# Data Science for Business - GAM on Ames Housing

## Initialize notebook
Load required packages. Set up workspace, e.g., set theme for plotting and initialize the random number generator.

In [None]:
# Install packages that are not already installed on Colab
#!pip install pygam

In [None]:
import warnings
warnings.simplefilter('ignore')

import numpy as np
import pandas as pd
from matplotlib import pyplot as plt
import seaborn as sns

from sklearn.model_selection import train_test_split
from sklearn.preprocessing import OneHotEncoder
from sklearn.preprocessing import StandardScaler
from sklearn.preprocessing import PolynomialFeatures
from sklearn.linear_model import Lasso
from sklearn.linear_model import LassoCV
from sklearn.metrics import mean_squared_error, r2_score, root_mean_squared_error

import statsmodels.formula.api as smf

import pygam
from pygam import LinearGAM, s, l, f, te

In [None]:
plt.style.use('fivethirtyeight')

## Problem description

Ask a home buyer to describe their dream house, and they probably won't begin with the height of the basement ceiling or the proximity to an east-west railroad.

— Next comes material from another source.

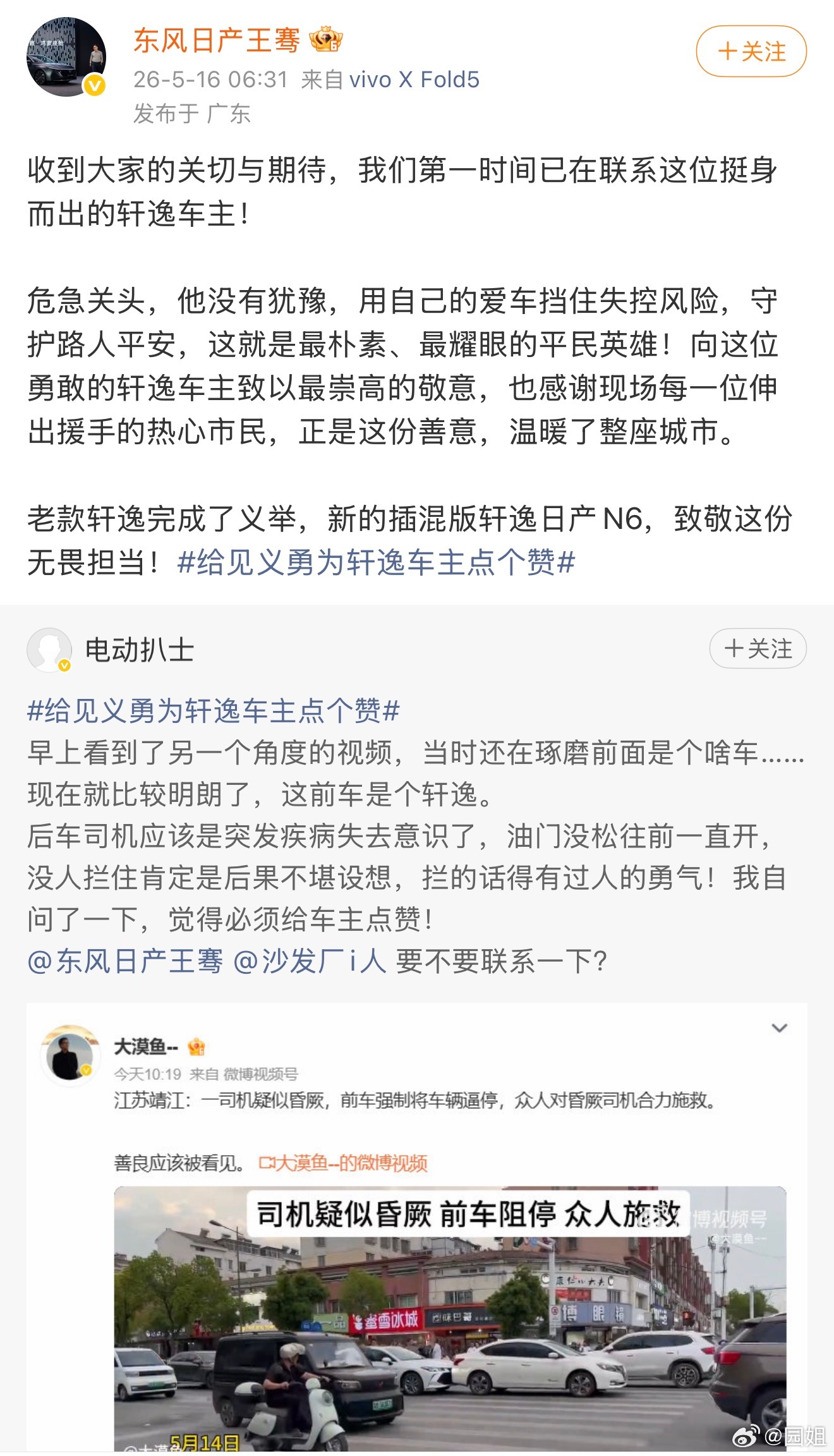 江苏靖江这件事真的格外暖心，见义勇为的车主尽显善良，而东风日产更是格局满满。事件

But this dataset proves that much more influences price negotiations than the number of bedrooms or a white-picket fence. With 76 explanatory variables describing (almost) every aspect of residential homes in Ames, Iowa, this dataset challenges you to predict the final price of each home. More: <https://www.kaggle.com/c/house-prices-advanced-regression-techniques>


## Load data

Load data from CSV file.

In [None]:
data = pd.read_csv('https://raw.githubusercontent.com/olivermueller/ds4b-2024/refs/heads/main/Session_06/ameshousing.csv')

In [None]:
data.head()

## Prepare data

Let us focus on the numerical variables only.   

In [None]:
col_num = data.select_dtypes(include=[np.number])
data = data[col_num.columns]

In [None]:
data.head()

Finally, we will split the data into features (*X*) and labels (*y*) and into training (*X_train, y_train*) and test (*X_test, y_test*) sets.

In [None]:
X = data.drop("SalePrice", axis=1)
y = data["SalePrice"]
X_train, X_test, y_train, y_test = train_test_split(X, y, test_size=0.2, random_state=42)

In [None]:
X_train.head()

In [None]:
X_train.columns

## Fit a Linear Regression as the Baseline

To assess the performance of the GAM, we first fit a simple baseline model. Specifically, a linear regression model with two predictors.

In [None]:
mod_01 = smf.ols(formula='SalePrice ~ LotArea + GrLivArea', data=pd.concat([X_train, y_train], axis=1))
mod_01 = mod_01.fit()
print(mod_01.summary())

Make predictions and caclulate the RMSE.

In [None]:
y_pred = mod_01.predict(X_test)
root_mean_squared_error(y_test, y_pred)

## Fit a GAM

The following code illustrates how to fit a GAM with two smoothing spline with a 2nd derivative smoothness constraint and two cubic terms.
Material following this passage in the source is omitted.